México se encuentra ante un punto de inflexión. Mientras el bono demográfico –la etapa en que hay más personas en edad productiva que dependientes– se aproxima a su fin, el país arrastra un grave rezago en materia laboral: el 54.4% de su población ocupada trabaja en condiciones de informalidad.
Se trata de más de 32 millones de personas que carecen de prestaciones, seguridad social, estabilidad laboral y mecanismos de protección frente a riesgos económicos. Esto no solo representa una carga para los individuos, sino también para las finanzas públicas y el sistema de pensiones del país.
El bono demográfico fue, durante años, considerado una oportunidad histórica para impulsar el crecimiento económico mediante el aprovechamiento del capital humano joven. Sin embargo, sin empleo formal, sin productividad ni capacitación, ese bono corre el riesgo de convertirse en una bomba de tiempo social.

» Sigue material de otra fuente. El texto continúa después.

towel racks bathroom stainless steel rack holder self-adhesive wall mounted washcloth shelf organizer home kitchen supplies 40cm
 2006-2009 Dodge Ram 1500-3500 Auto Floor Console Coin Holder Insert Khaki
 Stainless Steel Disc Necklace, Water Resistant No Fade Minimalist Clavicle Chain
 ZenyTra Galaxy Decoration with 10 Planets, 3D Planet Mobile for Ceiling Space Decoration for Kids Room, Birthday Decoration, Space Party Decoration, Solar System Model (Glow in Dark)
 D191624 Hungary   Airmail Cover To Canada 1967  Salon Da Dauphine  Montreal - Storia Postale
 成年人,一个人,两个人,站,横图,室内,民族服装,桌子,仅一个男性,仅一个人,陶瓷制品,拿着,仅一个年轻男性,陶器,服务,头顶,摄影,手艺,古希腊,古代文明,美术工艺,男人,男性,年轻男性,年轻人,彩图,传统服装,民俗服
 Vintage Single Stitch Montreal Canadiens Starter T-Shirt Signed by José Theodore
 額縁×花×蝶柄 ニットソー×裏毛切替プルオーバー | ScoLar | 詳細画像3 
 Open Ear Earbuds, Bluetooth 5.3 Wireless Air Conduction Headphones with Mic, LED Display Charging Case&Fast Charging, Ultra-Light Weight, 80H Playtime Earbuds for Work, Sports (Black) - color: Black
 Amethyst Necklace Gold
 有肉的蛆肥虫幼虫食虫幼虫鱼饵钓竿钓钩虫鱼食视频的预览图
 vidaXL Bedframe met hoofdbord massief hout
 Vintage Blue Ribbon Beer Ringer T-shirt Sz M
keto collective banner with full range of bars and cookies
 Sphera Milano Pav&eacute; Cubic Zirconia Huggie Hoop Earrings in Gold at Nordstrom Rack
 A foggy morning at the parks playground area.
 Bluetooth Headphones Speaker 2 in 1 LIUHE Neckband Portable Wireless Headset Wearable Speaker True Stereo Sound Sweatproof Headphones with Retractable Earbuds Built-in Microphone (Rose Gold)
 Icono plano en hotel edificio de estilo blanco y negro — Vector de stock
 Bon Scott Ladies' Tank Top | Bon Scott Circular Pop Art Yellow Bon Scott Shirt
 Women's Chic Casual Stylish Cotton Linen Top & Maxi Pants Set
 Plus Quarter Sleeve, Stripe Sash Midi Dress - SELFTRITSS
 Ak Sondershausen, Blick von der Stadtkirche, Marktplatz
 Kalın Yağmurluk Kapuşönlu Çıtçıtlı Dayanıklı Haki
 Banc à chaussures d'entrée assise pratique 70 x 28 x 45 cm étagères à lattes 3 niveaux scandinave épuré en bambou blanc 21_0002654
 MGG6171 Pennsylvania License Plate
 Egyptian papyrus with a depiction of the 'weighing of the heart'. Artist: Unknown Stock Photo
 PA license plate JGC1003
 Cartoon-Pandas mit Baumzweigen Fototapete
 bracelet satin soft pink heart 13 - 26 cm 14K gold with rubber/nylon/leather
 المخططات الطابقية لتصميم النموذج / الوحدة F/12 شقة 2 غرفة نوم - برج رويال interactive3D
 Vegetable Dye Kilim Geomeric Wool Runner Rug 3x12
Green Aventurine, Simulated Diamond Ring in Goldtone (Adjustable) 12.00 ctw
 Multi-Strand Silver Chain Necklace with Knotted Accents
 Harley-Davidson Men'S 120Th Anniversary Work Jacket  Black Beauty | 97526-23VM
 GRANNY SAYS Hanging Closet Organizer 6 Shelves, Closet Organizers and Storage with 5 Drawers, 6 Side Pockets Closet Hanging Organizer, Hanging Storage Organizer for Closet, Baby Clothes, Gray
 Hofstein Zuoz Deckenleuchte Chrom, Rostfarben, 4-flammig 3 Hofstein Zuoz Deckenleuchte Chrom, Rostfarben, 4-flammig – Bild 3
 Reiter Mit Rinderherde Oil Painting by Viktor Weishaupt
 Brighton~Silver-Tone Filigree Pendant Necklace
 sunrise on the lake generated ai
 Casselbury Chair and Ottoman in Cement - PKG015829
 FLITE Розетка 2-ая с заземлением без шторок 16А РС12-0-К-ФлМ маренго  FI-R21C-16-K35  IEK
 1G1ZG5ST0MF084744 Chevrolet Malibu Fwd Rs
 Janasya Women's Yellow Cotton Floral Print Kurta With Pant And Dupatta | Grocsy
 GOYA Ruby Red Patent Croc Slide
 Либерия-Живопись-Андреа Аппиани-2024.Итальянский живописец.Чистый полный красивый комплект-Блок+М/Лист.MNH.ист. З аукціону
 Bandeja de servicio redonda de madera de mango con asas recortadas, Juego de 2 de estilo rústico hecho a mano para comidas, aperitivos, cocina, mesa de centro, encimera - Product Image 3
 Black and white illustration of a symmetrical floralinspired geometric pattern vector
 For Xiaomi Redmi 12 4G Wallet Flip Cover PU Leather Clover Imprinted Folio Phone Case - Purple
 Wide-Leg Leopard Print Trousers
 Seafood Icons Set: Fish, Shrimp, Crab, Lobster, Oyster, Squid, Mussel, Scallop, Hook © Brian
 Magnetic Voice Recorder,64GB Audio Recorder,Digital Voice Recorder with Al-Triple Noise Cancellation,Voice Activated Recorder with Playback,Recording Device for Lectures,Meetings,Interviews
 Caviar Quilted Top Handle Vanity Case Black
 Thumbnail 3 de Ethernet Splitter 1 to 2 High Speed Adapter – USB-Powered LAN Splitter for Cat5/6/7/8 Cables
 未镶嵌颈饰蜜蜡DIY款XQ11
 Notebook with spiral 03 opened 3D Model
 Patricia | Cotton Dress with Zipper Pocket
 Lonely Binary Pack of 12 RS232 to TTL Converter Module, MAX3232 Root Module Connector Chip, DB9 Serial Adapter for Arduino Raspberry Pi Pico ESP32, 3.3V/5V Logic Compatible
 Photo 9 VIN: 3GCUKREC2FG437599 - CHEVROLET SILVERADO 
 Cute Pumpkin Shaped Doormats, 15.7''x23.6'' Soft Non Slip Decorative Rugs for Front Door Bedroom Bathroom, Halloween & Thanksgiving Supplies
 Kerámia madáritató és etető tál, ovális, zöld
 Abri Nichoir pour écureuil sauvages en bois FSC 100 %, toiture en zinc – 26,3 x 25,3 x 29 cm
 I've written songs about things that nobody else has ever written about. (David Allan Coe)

Actualmente, solo el 45% de los trabajadores en México están afiliados a instituciones de seguridad social. Aún más preocupante: el 34.1% de los ocupados perciben ingresos inferiores al salario mínimo, lo cual impacta directamente en su calidad de vida y limita su capacidad de ahorro para la vejez.
El mercado laboral no ha sido capaz de absorber a la población económicamente activa con empleos de calidad. La terciarización, la subcontratación disfrazada y el auge de plataformas digitales han generado nuevas formas de empleo, pero sin reglas claras ni protección jurídica.
Desde el gobierno federal se han promovido medidas como el aumento del salario mínimo, la reforma a las vacaciones dignas y programas de capacitación juvenil. No obstante, analistas coinciden en que estas acciones aún no abordan el problema estructural: la falta de inversión privada suficiente y la debilidad de las instituciones laborales.
Especialistas advierten que, conforme avance la transición demográfica, México enfrentará una población envejecida sin redes de protección. Los sistemas de salud, pensiones y servicios sociales podrían colapsar si no se formaliza el empleo y se mejora la productividad del trabajo.
La informalidad también limita la recaudación fiscal, lo cual reduce la capacidad del Estado para invertir en infraestructura, educación, salud y otros rubros clave para el desarrollo. Es un círculo vicioso que el país debe romper con una estrategia integral, multisectorial y de largo plazo.
A nivel regional, las disparidades son evidentes: estados del sur-sureste tienen tasas de informalidad superiores al 70%, mientras que en el norte los índices rondan el 40%. Esto demuestra que no se trata de un fenómeno homogéneo, y que las soluciones deben considerar las condiciones locales.
México aún tiene una ventana de oportunidad para revertir esta tendencia. Pero el tiempo corre. Si no se toman decisiones audaces y estructurales ahora, el país llegará al final de su bono demográfico sin haber capitalizado la mayor ventaja generacional de su historia.